Old Fans 74 – Lasagne f.c. 1 – 3

ciurmaglia lasagnara tifoseria

Prepartita, preparazione, leggerezze

“Le faccio leggere leggere sennò qua m’addormento”
“Eh, bravo. Non esagerà”
“Freghete, tranguill”

Apposto.

Nonostante sia già fine ottobre fa caldo, troppo caldo. Le ascelle pezzate sono all’ordine del giorno e non vi dico che esperienza olfattivamente impegnativa possa essere prendere il 20 all’ora di punta. Non è che se non ti lavi e mi lamento sono razzista, anche se tu fossi un tedesco ariano faresti schifo uguale. Questione di feeling.

Altro aspetto preoccupante: l’insana abitudine di fare la carbonara con la salsiccia secca di ggiù che ha mandato mammà col pacco. La salsiccia si asciuga, diventa dura, non va bene. La carbonara si fa con la pancetta o col guanciale. Se non si prende coscienza di tutto questo il mondo, quello dove Mosca faceva il pendolino, fra qualche anno sarà irriconoscibile. Inizieremo presto a mettere la salsa barbecue sugli spaghetti. SVEGLIAAAA!
Ma non c’è spazio per l’ottimismo: i ggiovani d’oggi non hanno mai visto Moana fare un pompino. Sono, siamo, destinati ad un triste declino.

Mai una gioia.

Comunque ieri hanno giocato le Lasagne su un bel campo grande, con erba alta e vista tangenziale. I tifosi di casa hanno accolto le squadre con fumogeni e canti. I tifosi ospiti hanno risposto con il tradizionale schifo, due moretti da 66 e qualche bel fumogenino fatto in casa che non guasta mai.

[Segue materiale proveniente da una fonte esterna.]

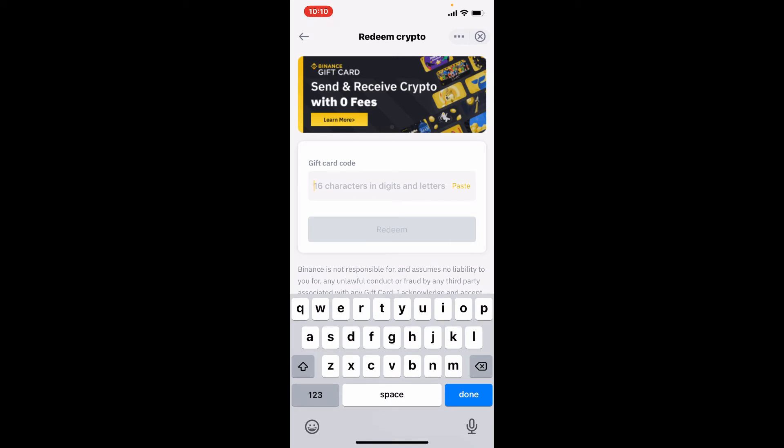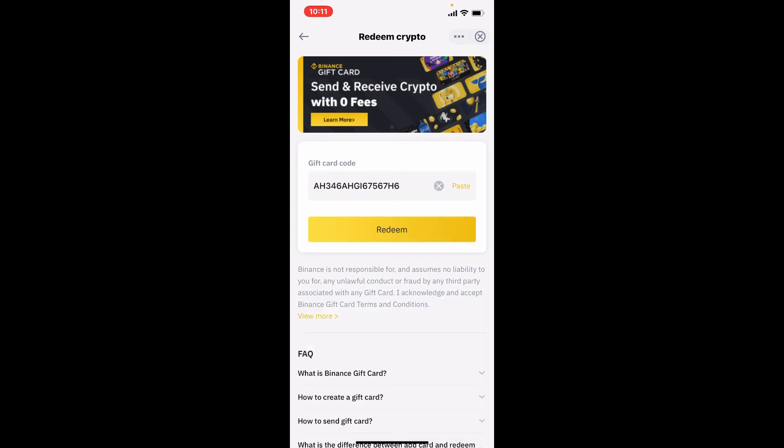Enter your gift card code located at the back of your gift card, which is 16 characters long. Once you're done typing in your gift card code, tap on the redeem button to activate your Binance gift card.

Il problema è la pista di atletica; il gioco era lontano, i contorni sfumati, la barba folta che regala fascino in certi ambienti.

Partita emozionante, ottimamente diretta da un attento pre-pensionato con evidenti segnali di disfunzione erettile. Bella la tipa in gonnella bianca che ad un certo punto è salita sugli spalti, ha preso un tavolino e se n’è andata. O’ fanno strano da ste parti. Ottimo il fumello del buon ex ex giovane.

Montelli sempre molto compassato riesce a dare dignità alla sua presenza in panchina con qualche PD ben distribuito con l’intenzione di attenzionare il direttore di gara sulla necessità di cambiare mestiere e andare a giocare a briscola al bar con gli amici di sempre, aspettando la cena.

Momento di commozione dei tifosi lasagnari quando il Tabaccaio ha salutato dal campo. Vecchie glorie, amarcord, e battute sull’incipiente calvizie del terzinaccio mai abbastanza ricordato.

Per la cronaca è finita tipo 4-2 o 3-1 dipende da dove si guardava. Due rigori contro, uno non dato a favore, il corner volendo c’era e cazzo il goal di Turone era regolare, porco il mondo.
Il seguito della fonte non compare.